3 . The detecting method as claimed in claim 1 , wherein the second receptor is selected from a sigma receptor, a T cell receptor, a CD3 marker, a CD4 marker, a CD19 marker, a CD40 marker, and a CD8 marker, and the second receptor is different from the first receptor.
4 . The detecting method as claimed in claim 1 , wherein the first bioactive ligand, in response to the first receptor, is selected from a pentazocine, an anisamide, a haloperidol, an antomer, a major histocompatibility complex (MHC) molecule, an anti-CD3 antibody, an anti-CD4 antibody, an anti-CD19 antibody, an anti-CD40 antibody, and an anti-CD8 antibody.
5 . The detecting method as claimed in claim 1 , wherein the second bioactive ligand, in response to the second receptor, is selected from a pentazocine, an anisamide, a haloperidol, an antomer, a major histocompatibility complex (MHC) molecule, an anti-CD3 antibody, an anti-CD4 antibody, an anti-CD19 antibody, an anti-CD40 antibody, and an anti-CD8 antibody.
6 . The detecting method as claimed in claim 1 , wherein the quantum dot comprises a PbS quantum dot, a II-VI quantum dot or a III-V quantum dot.
7 . The detecting method as claimed in claim 6 , wherein the II-VI quantum dot comprises a CdSe quantum dot or a CdTe quantum dot.
8 . The detecting method as claimed in claim 6 , wherein the II-VI quantum dot is encapsulated with a ZnS coating.
9 . The detecting method as claimed in claim 6 , wherein the III-V quantum dot comprises an InP quantum dot, a GaN quantum dot, or an InAs quantum dot encapsulated with a GaAs coating.
10 . The detecting method as claimed in claim 1 , wherein the quantum dot and the first bioactive ligand is coupled by a streptavidin and a biotin.
11 . The detecting method as claimed in claim 1 , wherein the magnetic bead and the second bioactive ligand are coupled through an interaction between a streptavidin and a biotin.
12 . The detecting method as claimed in claim 1 , wherein a first unit is composed of the cell, the first receptor, the first bioactive ligand, and the quantum dot and a second unit is composed of the first unit, the second receptor, the magnetic bead, and the second bioactive ligand, the second unit is irradiated in a pH value between pH 9 and pH 14.
13 . The detecting method as claimed in claim 1 , wherein the diameter of the magnetic bead is between 25 nm and 5000 nm.
14 . The detecting method as claimed in claim 1 , wherein the exciting energy is emitted from an excitation light source, the excitation light source is selected from an ultraviolet light, a light-emitting diode, X-ray, synchrotron radiation light source, infrared ray and a laser light, and the excitation light source excites the quantum dot in a time-period from 7 to 40 minutes.

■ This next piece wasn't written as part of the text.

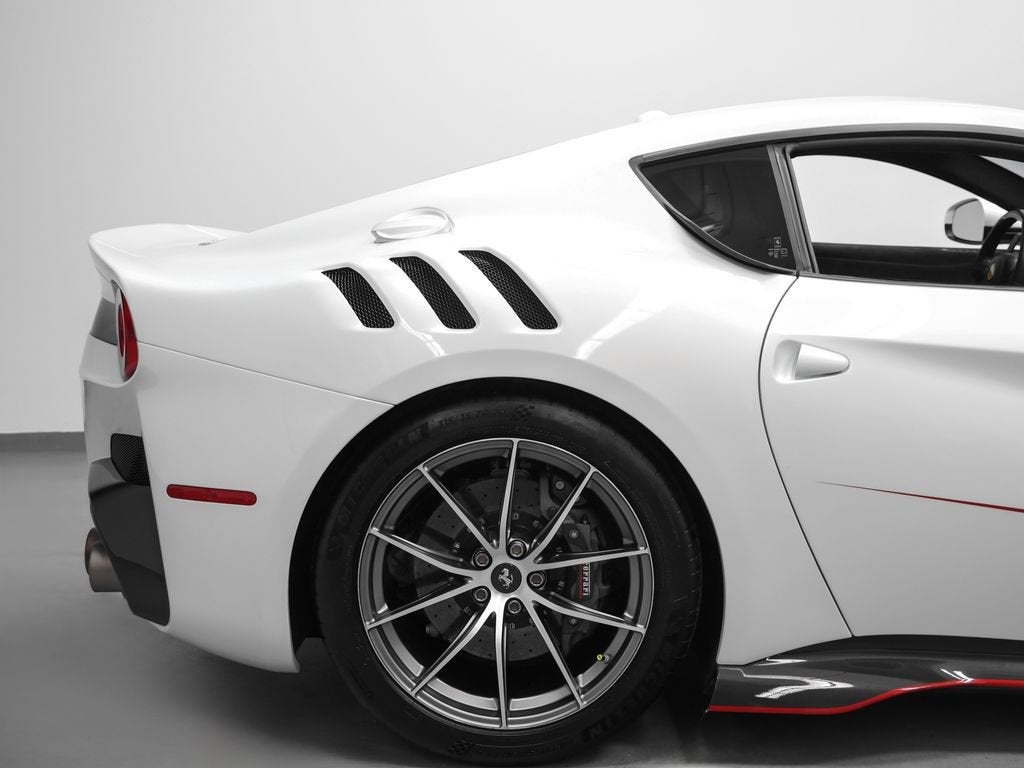 2016 Ferrari F12tdf Base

15 . The detecting method as claimed in claim 1 , wherein the temperature for detecting the fluorescence by a photomultiplier tube is between −200 and 25° C.
16 . The detecting method as claimed in claim 15 , wherein the photomultiplier tube is cooled in a vacuumed or non-vacuumed way to lower the background current of the photomultiplier tube.
17 . The detecting method as claimed in claim 15 , wherein the photomultiplier tube comprises a pulse mode used for converting the fluorescence measured by the photomultiplier tube into a pulse signal.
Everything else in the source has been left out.